In the six-page document, church leaders wrote, “Respect for creation includes respect for one’s biological sex.” They continued, “The human person is a body-soul union, and the body — as created male or female — is an essential aspect of the human person. The mystery of human sexuality as a key component of personal identity is received as a gift created by God that we are not authorized to seek to change.”
The new rules apply to the 80 parishes, 17 schools, and 130,000 members under Bishop William Joensen’s leadership, according to the New York Post.
Additionally, the diocese barred the use of drugs for transgender treatments.
“Students and those entrusted to the care of the church are not permitted to take ‘puberty blockers,’ even if self-administered, on parish or school property, with the purpose of a potential or actual ‘gender reassignment,'” stated the diocese, even calling such treatments “mutilation” and “morally prohibited.”
The responses to the statement were mixed, with some lauding the diocese and others condemning it.
One Democratic lawmaker, Iowa state Sen. Claire Celsi, was not pleased with the policy update, telling the Des Moines Register, “This is not what Jesus would do.”
“To actually come out, and say, ‘We’re going to stamp this out, we’re going to pretend like it doesn’t exist,’ and issue this kind of edict is, I think, reprehensible,” she added.
Courtney Reyes, executive director for the LGBTQ group One Iowa, rebuked the church, claiming, “You cannot pretend to be compassionate while misgendering people and denying them access to any and all spaces under your control.”
Others praised the diocese for its bold shift, writing, “At last!” while another called the rules “good.”
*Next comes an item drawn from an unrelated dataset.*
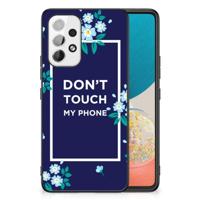 Samsung Galaxy A53 | Telefoon Hoesje | Flowers Blue DTMP - thumbnail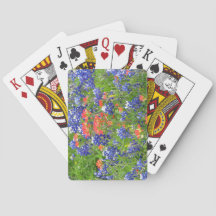Cartes de jeu de bluebonnets de TX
“Finally,” added someone else, “a church that is acting like a church.”
It’s important to note, too, the diocese is not abandoning those experiencing gender dysphoria or struggling in some other way with their sexual identities.
The leaders’ statement outlines that those “who express a tension between their biological sex and their ‘gender'” should be “guided to appropriate ministers and counselors who will assist the person in a manner that is in accord with the directives and teachings of the church.”
“The diagnosis of gender dysphoria does not merit the alteration of one’s body through drug-induced hormone therapies or surgery,” the statement continued. “Rather, one is entitled to receive unconditional love and support, as well as psychological and pastoral care.”
Ultimately, church leaders said the diocese “fervently hopes that all persons experiencing gender dysphoria know … they are unconditionally loved by Jesus Christ and by the Church, and that they are vital members of the Body of Christ who have a home in the family of God.”